The worst sufferers are around 280 farmers who have already paid heavy amounts as processing fees to set up plants. They are now facing uncertainty about the fate of their venture.
Notified on January 28, the revised policy has put Punjab State Power Corporation Limited (PSPCL) and the government in a position where the power utility can’t buy power from the yet-to-be-commissioned plants at prices quoted by their owners.
Such units would sell power at rates between Rs6.25 and Rs6.99 per unit, which is double the average rates the PSPCL purchases power from other sources.
The government is thus left with two options – either to compensate the PSPCL the extra amount that the power utility will pay to solar units or simply put off the scheme.

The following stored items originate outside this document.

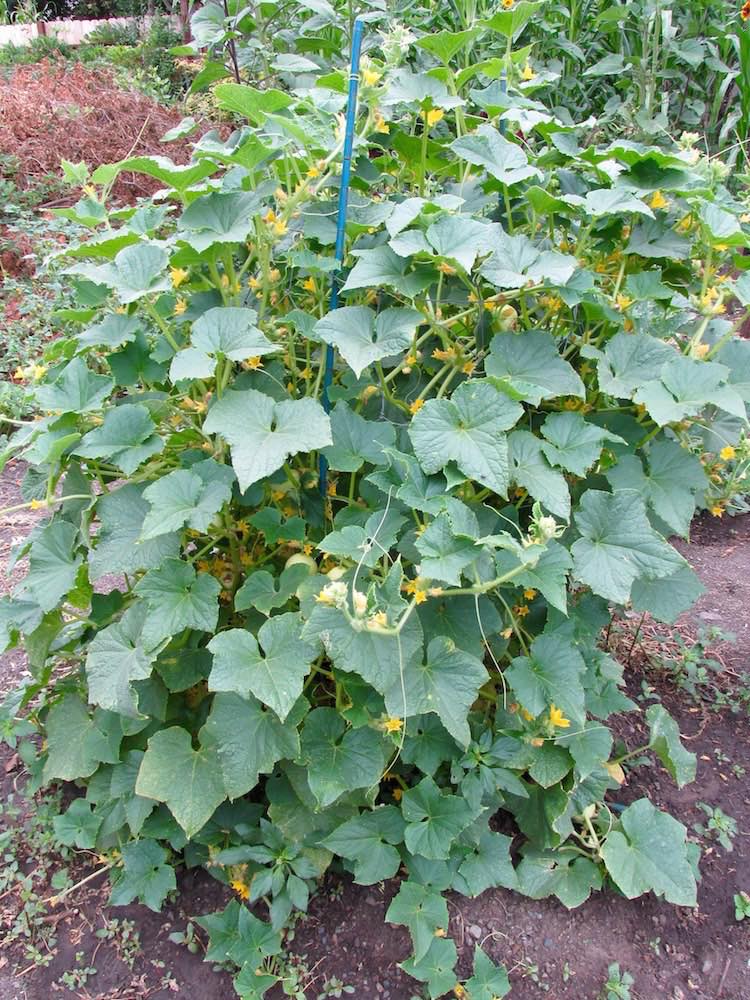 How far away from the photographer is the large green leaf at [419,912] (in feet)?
5.00

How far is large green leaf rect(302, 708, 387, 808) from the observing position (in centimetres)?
147

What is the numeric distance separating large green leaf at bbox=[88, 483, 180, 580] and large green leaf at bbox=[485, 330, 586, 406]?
70 centimetres

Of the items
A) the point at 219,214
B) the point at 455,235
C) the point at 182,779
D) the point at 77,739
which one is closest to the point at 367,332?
the point at 455,235

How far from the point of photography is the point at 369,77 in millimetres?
1443

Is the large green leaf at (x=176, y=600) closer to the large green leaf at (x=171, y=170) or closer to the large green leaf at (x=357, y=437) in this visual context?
the large green leaf at (x=357, y=437)

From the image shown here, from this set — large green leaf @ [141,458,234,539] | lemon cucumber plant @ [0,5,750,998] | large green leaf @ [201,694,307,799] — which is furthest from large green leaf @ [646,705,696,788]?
large green leaf @ [141,458,234,539]

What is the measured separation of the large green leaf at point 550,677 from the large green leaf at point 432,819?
24 cm

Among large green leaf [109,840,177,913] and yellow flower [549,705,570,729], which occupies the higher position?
yellow flower [549,705,570,729]

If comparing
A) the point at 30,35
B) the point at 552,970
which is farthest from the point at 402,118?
the point at 30,35

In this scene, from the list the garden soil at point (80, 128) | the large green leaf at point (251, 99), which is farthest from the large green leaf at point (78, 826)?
the garden soil at point (80, 128)

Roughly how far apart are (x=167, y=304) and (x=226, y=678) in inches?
30.4

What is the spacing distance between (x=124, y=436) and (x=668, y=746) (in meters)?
1.33

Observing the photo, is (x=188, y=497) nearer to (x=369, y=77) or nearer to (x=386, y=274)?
(x=386, y=274)

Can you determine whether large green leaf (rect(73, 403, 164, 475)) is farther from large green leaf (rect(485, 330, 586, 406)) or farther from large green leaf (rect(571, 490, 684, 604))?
large green leaf (rect(571, 490, 684, 604)) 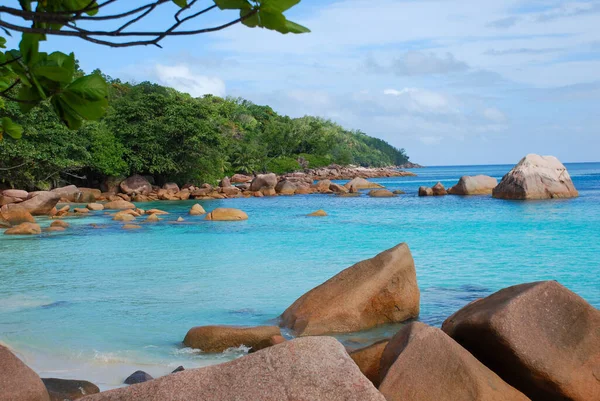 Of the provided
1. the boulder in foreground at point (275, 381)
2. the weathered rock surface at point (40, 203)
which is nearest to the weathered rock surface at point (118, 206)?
the weathered rock surface at point (40, 203)

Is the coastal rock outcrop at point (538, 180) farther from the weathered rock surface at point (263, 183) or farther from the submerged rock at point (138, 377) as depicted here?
the submerged rock at point (138, 377)

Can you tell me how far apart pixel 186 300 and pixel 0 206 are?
16464mm

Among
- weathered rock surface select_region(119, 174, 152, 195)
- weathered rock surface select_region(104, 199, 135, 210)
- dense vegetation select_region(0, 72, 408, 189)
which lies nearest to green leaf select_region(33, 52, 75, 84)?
dense vegetation select_region(0, 72, 408, 189)

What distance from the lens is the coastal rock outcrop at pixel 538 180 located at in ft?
92.0

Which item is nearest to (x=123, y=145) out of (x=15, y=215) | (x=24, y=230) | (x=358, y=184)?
(x=15, y=215)

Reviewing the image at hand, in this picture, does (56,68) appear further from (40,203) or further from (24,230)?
(40,203)

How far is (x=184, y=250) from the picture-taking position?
15.7 m

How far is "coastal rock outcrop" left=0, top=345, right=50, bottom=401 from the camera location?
444 centimetres

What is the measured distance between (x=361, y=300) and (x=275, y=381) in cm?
440

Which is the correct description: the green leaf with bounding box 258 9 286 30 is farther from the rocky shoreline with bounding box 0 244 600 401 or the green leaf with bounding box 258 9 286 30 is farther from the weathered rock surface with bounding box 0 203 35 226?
the weathered rock surface with bounding box 0 203 35 226

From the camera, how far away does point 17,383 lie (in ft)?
14.8

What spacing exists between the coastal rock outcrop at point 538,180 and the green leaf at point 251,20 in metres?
28.4

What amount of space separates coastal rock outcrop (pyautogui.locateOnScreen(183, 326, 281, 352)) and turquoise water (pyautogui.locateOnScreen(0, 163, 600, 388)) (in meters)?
0.15

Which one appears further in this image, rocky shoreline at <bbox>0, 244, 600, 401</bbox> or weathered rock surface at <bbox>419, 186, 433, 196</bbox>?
weathered rock surface at <bbox>419, 186, 433, 196</bbox> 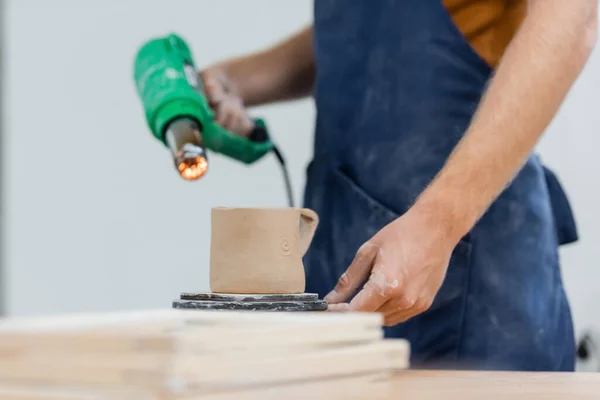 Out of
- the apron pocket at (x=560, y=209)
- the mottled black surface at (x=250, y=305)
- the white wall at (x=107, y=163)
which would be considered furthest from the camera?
the white wall at (x=107, y=163)

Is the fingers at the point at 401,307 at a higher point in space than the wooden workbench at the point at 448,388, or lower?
higher

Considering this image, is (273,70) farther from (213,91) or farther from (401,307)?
(401,307)

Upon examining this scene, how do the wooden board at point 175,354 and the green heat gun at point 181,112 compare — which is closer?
the wooden board at point 175,354

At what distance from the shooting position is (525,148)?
0.80m

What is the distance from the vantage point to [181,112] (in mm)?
1024

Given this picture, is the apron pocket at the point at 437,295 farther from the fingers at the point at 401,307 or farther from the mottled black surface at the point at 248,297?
the mottled black surface at the point at 248,297

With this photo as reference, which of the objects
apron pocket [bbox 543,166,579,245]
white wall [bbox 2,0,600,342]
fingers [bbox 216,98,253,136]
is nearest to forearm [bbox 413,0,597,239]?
apron pocket [bbox 543,166,579,245]

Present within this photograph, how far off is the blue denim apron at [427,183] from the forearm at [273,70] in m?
0.24

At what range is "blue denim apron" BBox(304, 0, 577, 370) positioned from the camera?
3.07 ft

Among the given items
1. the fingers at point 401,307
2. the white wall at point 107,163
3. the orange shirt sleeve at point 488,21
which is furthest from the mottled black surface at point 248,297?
the white wall at point 107,163

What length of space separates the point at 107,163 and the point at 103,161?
0.04 ft

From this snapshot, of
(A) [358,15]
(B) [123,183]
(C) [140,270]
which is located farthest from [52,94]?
(A) [358,15]

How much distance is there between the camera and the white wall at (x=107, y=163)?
183cm

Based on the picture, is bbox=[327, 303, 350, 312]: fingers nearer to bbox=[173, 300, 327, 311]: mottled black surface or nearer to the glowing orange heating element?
bbox=[173, 300, 327, 311]: mottled black surface
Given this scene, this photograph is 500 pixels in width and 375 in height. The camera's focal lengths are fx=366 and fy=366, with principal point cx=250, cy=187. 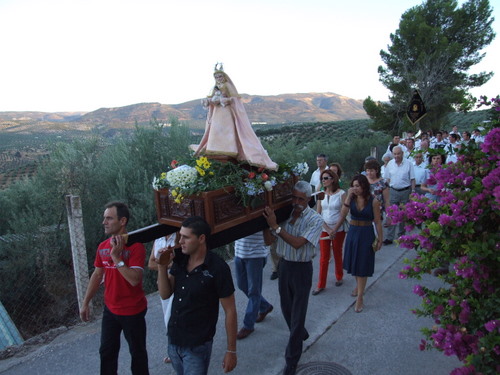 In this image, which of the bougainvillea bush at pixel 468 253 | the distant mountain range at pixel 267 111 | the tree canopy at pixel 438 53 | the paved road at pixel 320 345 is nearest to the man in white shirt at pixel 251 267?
the paved road at pixel 320 345

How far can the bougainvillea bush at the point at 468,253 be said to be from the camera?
2.10 metres

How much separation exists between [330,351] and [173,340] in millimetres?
2078

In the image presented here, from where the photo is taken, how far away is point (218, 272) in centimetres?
260

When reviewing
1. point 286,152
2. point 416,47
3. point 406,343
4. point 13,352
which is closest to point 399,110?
point 416,47

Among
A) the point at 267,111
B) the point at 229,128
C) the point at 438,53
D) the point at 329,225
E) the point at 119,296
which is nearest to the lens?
the point at 119,296

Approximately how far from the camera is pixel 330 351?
3.98 metres

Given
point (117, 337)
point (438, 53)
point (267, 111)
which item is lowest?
point (117, 337)

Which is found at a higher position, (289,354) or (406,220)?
(406,220)

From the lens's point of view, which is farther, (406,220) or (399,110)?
(399,110)

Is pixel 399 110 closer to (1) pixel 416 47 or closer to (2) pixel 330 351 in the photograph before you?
(1) pixel 416 47

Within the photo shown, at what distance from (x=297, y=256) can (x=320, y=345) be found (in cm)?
128

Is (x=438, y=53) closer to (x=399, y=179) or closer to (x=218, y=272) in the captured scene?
(x=399, y=179)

The agitated farmers today landed at the headquarters of the Punjab Energy Development Agency (PEDA) – the executing agency – demanding justification behind the delay in execution of agreement between them and PEDA.
Earlier, the Centre had mandated that each state should be generating 10.5 per cent of their total power consumption from solar plants by 2020. This component is termed as renewable purchase obligation (RPO). In January, the limit of RPO was slashed to 8 per cent.

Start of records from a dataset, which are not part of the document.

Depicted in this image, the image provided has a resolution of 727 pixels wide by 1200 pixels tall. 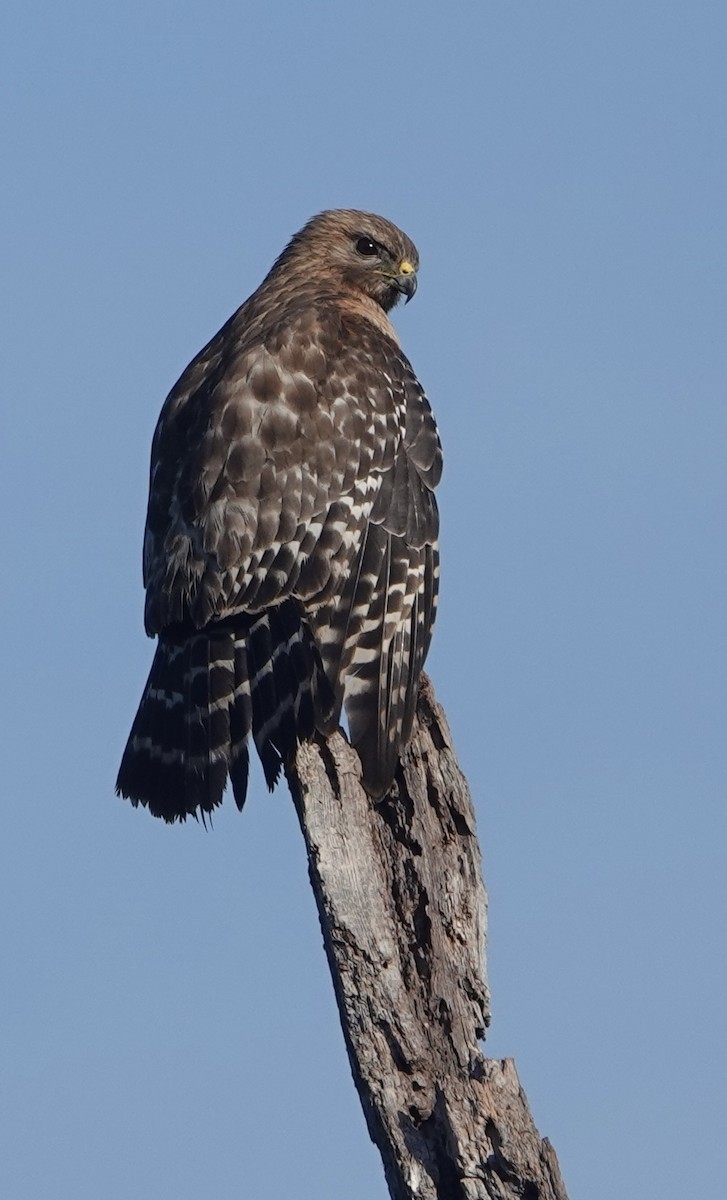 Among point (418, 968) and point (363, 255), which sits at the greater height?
point (363, 255)

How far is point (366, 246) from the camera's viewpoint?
9828 millimetres

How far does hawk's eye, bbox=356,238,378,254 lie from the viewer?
32.2 feet

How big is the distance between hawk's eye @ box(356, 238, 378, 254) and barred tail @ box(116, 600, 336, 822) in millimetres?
3239

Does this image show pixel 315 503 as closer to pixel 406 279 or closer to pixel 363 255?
pixel 406 279

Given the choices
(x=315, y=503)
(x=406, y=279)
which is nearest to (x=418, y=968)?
(x=315, y=503)

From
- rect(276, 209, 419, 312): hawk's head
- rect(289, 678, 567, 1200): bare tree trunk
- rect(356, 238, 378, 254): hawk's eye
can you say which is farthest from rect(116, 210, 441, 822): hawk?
rect(356, 238, 378, 254): hawk's eye

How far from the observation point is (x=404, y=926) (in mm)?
6062

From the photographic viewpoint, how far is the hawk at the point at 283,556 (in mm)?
6836

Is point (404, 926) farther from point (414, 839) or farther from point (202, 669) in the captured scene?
point (202, 669)

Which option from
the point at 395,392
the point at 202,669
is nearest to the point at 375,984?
the point at 202,669

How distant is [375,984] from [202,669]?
169cm

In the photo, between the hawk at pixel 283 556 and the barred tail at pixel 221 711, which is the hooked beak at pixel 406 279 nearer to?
the hawk at pixel 283 556

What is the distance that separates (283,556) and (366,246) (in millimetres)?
3023

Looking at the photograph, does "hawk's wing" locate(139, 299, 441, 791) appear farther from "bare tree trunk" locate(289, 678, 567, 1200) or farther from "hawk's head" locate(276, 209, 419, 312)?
"hawk's head" locate(276, 209, 419, 312) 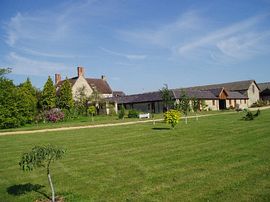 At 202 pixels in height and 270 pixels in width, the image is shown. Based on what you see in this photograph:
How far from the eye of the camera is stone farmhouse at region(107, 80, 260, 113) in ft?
175

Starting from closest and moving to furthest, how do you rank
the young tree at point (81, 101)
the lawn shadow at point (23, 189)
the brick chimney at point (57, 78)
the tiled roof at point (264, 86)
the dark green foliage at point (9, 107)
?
the lawn shadow at point (23, 189) → the dark green foliage at point (9, 107) → the young tree at point (81, 101) → the brick chimney at point (57, 78) → the tiled roof at point (264, 86)

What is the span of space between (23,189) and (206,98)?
47.7 m

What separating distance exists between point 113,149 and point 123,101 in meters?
44.2

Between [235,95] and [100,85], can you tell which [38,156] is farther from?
[100,85]

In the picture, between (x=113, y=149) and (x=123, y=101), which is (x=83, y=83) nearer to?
(x=123, y=101)

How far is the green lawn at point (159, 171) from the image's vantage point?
29.4ft

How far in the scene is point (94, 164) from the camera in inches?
530

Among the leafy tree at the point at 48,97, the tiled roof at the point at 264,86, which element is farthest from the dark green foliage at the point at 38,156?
the tiled roof at the point at 264,86

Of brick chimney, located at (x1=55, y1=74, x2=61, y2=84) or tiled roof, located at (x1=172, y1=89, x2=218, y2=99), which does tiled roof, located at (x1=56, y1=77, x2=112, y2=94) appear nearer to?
brick chimney, located at (x1=55, y1=74, x2=61, y2=84)

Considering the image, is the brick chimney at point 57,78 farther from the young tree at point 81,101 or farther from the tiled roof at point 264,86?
the tiled roof at point 264,86

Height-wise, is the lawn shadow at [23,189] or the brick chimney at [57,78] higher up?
the brick chimney at [57,78]

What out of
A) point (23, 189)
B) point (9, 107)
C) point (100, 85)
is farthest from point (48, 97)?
point (23, 189)

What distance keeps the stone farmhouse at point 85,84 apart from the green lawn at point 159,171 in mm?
40269

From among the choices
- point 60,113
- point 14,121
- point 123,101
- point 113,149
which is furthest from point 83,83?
point 113,149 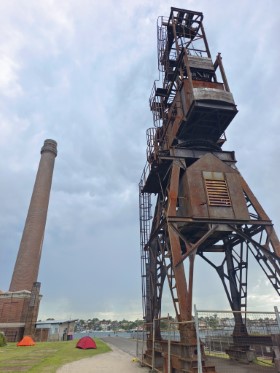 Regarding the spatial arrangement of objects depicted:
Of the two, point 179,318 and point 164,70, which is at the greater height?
point 164,70

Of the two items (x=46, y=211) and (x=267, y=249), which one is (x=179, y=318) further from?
(x=46, y=211)

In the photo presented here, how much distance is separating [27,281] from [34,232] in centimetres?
719

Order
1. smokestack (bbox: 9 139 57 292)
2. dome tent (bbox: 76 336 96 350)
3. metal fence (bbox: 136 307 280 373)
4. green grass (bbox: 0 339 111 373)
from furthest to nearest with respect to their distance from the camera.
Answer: smokestack (bbox: 9 139 57 292) → dome tent (bbox: 76 336 96 350) → green grass (bbox: 0 339 111 373) → metal fence (bbox: 136 307 280 373)

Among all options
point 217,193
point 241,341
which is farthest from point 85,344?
point 217,193

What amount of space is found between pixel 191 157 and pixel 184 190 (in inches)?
78.6

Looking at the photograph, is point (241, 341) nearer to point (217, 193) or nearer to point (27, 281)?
point (217, 193)

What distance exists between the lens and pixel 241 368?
10133 millimetres

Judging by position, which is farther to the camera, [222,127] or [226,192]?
[222,127]

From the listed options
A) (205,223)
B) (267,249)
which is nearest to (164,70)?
(205,223)

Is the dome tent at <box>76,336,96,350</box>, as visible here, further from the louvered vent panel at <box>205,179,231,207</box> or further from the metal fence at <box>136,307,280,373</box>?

Punjab was earlier bound to install solar plants of 4,772 MW by 2020, the target was reduced to 2,552 MW. Since the solar power costs almost double, the PSPCL has the right to compensate the difference by charging slightly more from its consumers. But the share of solar power should not cross the RPO limit.
If Punjab allows such solar plants to come up, the PSPCL will not be able to compensate itself with this methodology. The question now is who will bear the differential cost.
“The RPO has been slashed to 8 per cent. We have apprised the government of the changed scenario. Now it is up to government to take a call,” said Anirudh Tiwari, secretary, Department of Power, Punjab.
MS Randhawa, a farmer, said: “PEDA is delaying the issuance of agreement letters. Despite this, we (farmers) have to sign a power purchase agreement with the PSPCL before March 31 otherwise our bidding will stand null and void.”
What the revised policy means
The state had planned to install solar plants of 4,772 MW by 2020, but the target has been reduced to 2,552 MW after the new policy. This lowered the state's commitment to set up new solar plants.
Its implication on farmers’ solar plants
If the state allows farmers to set up solar plants in excess of its given limit, the PSPCL will not be able to compensate for costly solar power by charging its consumers. The question now is who will bear the differential cost.